Kenji Eno is far from a household name and is significantly more obscure than even fellow music driven designers Mizuguchi and Koshiro. He created the D series and the bizarre Enemy Zero, which means that even if his new game isn’t particularly good, it will mirror No More Heroes by being original enough to demand a playthrough. The same goes for Yoot Saito, mastermind behind oddities Seaman and Odama. And the importance of a Wii game from Kojima, the man behind the Metal gear series, hardly needs to be stressed.

Nintendo passed up the opportunity of making their console Odama 2 friendly by going with a poor quality speaker instead of a poor quality microphone in the wand.

No analysis of a modern gaming console would be complete without mentioning the system’s online set up. The good news for Nintendo is that the Virtual Console is doing well and the good news for the consumer is that it already has a strong lineup, including many classics no gamer should miss (if they did the first time around).

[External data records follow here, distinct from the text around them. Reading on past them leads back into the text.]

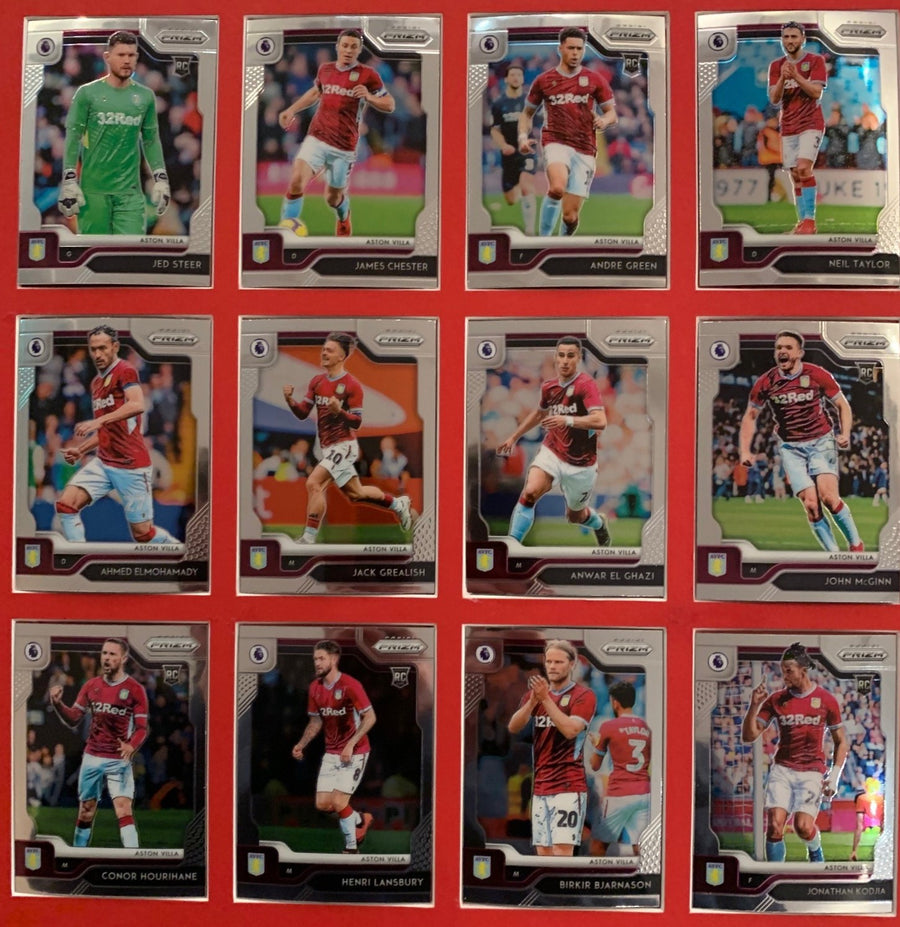 000. ASTON VILLA KOMPLETT SETT MED PANINI PRIZM PREMIER LEAGUE 2019/20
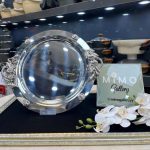 سینی استیل گرد دسته گلدار مجلسی برند KST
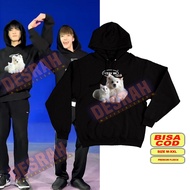 Hoodie Jacket korean kpop jeno &amp; jaemin nct Sablon cat &amp; dog WHITE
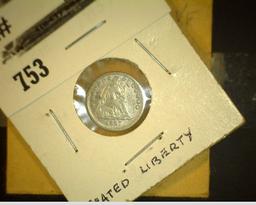 1857 P U.S. Seated Liberty Half Dime, carded.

But now the bad news; very few Wii games have been confirmed for play online. Worse, important publisher Square Enix has publicly derided the Friend Code system Nintendo seems so keen about. For the Wii to compete against the 360 and PS3, it will need better online support and so far Nintendo has done nothing to convince us that the Wii will have this.

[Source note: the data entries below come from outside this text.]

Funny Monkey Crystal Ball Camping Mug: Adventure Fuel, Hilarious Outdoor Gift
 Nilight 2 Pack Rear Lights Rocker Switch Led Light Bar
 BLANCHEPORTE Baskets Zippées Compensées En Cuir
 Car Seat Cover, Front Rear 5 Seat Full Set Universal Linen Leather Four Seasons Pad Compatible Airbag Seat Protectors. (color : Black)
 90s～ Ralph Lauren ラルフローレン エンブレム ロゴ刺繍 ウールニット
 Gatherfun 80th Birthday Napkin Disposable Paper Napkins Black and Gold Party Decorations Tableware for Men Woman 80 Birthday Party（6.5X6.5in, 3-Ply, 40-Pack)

Critics have been quick to mention that much of the Wii’s success thus far has been the result of hype, and hype is often empty. What these detractors often fail to recognize is that this hype has put consoles in homes, and developers don’t care why consumers bought a system, they simply want to publish games on systems that many people own. The early success of the Wii has created a band wagon effect and many publishers are jumping on board.

The Wii will be just fine if two things happen. First, enough developers need to have jumped on the Wii wagon due to the systems excellent launch numbers. These 3rd party developers also need to give their full attention to their Wii games. Simply creating spinoff after spinoff while keeping important main entires of major series on other consoles will not do Nintendo much good, nor will ports of games with motion controls sloppily tacked on. Secondly, Nintendo will have to slake its customer’s thirst for quality titles for the year or so these newly started 3rd party games remain in development. If Nintendo can weather the initial drought, much like it did with its DS handheld, the Wii should do far better than the ill-fated Gamecube and possibly even seriously compete with Microsoft and Sony’s offerings (despite the fact that all of these companies claim to not be in direct competition with each other).

Please note that besides a few high profile ports, only Wii exclusives are discussed in this article. Additionally, there are many games announced that are not mentioned, either because the extreme likelihood they will not make it out of Japan, are from a start up developer and may be vaporware, or because no information on the title is available.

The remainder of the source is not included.